The only downside is that the interest rates still tend to be marginally higher than a mainstream mortgage. This is not entirely surprising, particularly where the self-employed are concerned. Statistics show that the majority of businesses fail within first two years, so lenders tend to reflect this additional risk in a higher interest rate. Similarly, the risk of delinquency is slightly higher among those with fluctuating earnings and non-guaranteed bonuses than with those who make it through the normal credit scoring systems, so it is understandable that there is something of a risk premium to be paid. But again, as with other non-conforming mortgages, competition is lowering the rates on offer to self-certification borrowers, making the difference barely noticeable at times.

For some reason, many tracker mortgages in this sector tend to be tied to the LIBOR rate as opposed to the Bank of England base rate. The LIBOR is the notional rate at which banks agree to buy and sell money at some point in the future. This measure is market driven and therefore tends to be a little more volatile and quick to react, often pricing in changes before they are decided by the MPC.

Lending Criteria

There are essentially three types of lender in the self/employed and self-certification market - sub prime lenders, cherry pickers and the specialist lenders.

  • Sup-prime lenders gear their products to people with bad credit, so the rates are unnecessarily high.
  • Cherry pickers select only the lowest risk customers, often those self-employed applicants with the necessary accounts and proof of income.
  • Specialist lenders are likely to look at income from all sources and will use experienced underwriters to conduct an individual assessment rather than use any normal form of credit scoring.

Self-certification mortgages are offered on the basis of the customer stating what their likely income will be rather than by providing documentary evidence. This is not just an open invitation for borrowers to overstate their income - lenders are well aware of the levels of income that can be attained in most occupations. They also have the opportunity to run additional checks where something looks unusual, using bank statements, references from existing lenders and credit information databases to build up picture of an applicant's financial conduct. If you are a part time dinner lady claiming an income of £150,000, this will not go unnoticed.

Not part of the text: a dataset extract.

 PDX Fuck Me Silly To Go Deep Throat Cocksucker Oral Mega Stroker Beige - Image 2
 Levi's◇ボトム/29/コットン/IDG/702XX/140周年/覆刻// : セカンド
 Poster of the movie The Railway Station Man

To help your case when applying for this type of mortgage, it can be a good idea to present a CV with full details of your employment history. Keeping and presenting bank accounts from a longer than required period of time can also be a good idea, especially if you can demonstrate your track record for things like credit card payments and remaining within an agreed overdraft limit.

Allowing borrowers to self-certify can be risky for lenders and requires the use sound underwriting practices on their behalf. But as well as raising the interest rate to compensate for the risk, many self-cert lenders also:

  • Require a deposit of at least fifteen percent.
  • Conduct an extensive credit search covering last three years. Applicants with a bad credit history are not normally considered and will normally have to go to a more expensive sub-prime lender.
  • Insist upon fairly stringent LTV requirements, usually requiring a deposit of at least 15 percent.
  • Lenders probably rightly believe that few borrowers will risk large amounts of their own money by overstating their income and overstretching themselves unreasonably.